Retrouver les taux de croissance d’antan de 5 % à 6 % ne se fera pas avec du « business as usual »

Eric Ng

Interviewé pour savoir si la démission de Vishnu Lutchmeenaraidoo a un impact sur le monde des affaires, le vice-président de l’Economic Development Board répond que « c’est du business as usual ». Dans la même interview de presse, il fait valoir qu’« une croissance de 3,8% de l’économie mauricienne est honorable ». Une semaine plus tôt, son successeur à la présidence de la Chambre de commerce et d’industrie de Maurice a pourtant affirmé que « what is more important, however, is : how can Mauritius achieve 5 to 6 percent of economic growth? ». Poser cette question, c’est estimer déjà qu’une croissance de 5% ou plus est réalisable. Mais pour y croire, il faudra commencer par ne plus faire du « business as usual ». Comme le dit Albert Einstein, « if you want different results, do not do the same things », puisque « insanity is doing the same thing, over and over again, but expecting different results ».

Ce serait de la démence si nos dirigeants politiques et économiques finissaient pas s’accommoder d’une croissance économique inférieure à 4%. Il est vrai que cette situation dure neuf ans.

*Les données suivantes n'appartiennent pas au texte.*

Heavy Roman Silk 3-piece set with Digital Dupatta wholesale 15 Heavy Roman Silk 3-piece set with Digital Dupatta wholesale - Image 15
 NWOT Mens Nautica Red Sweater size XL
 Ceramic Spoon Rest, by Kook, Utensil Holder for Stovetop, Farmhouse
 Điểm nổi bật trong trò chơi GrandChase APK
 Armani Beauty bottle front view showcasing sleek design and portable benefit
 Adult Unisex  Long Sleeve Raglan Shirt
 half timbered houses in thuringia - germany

Est-elle normale ? Est-ce la nouvelle norme de croissance pour Maurice ? Avons-nous perdu le secret de la croissance des années 80 et 90 ? Nombreux sont ceux qui tomberaient dans le fatalisme s’ils n’arrivaient pas à percer le mystère de la croissance.

Croissance molle

La croissance économique exprime une hausse de la production de biens et services valorisée à des prix constants (l’effet prix est éliminé), que la comptabilité nationale appelle le Produit intérieur brut (PIB), en anglais Gross Domestic Product (GDP) ou Gross Value Added (GVA), soit la valeur marchande (les produits qui ne sont pas vendus sur le marché sont exclus) de tous les biens et services finaux (les biens intermédiaires sont exclus pour éviter la double comptabilisation) produits dans un pays (quelle que soit la nationalité du producteur) au cours de l’année (les transactions portant sur des éléments produits dans le passé, par exemple une voiture revendue, sont exclues). Si le prix d’une mangue est deux fois celui d’une banane, alors une mangue contribue deux fois plus au PIB qu’une banane.

Les prix de marché sont donc utilisés. Ainsi, la pratique internationale veut qu’on utilise le PIB au prix de marché (at market prices), et non le PIB au prix de base (at basic prices). La différence entre les deux, c’est que le premier inclut les impôts nets de subventions sur les produits. Il paraît insensé de choisir « at market prices », puisque l’Etat peut gonfler les chiffres du PIB en augmentant les impôts, ce qui rebute précisément le marché…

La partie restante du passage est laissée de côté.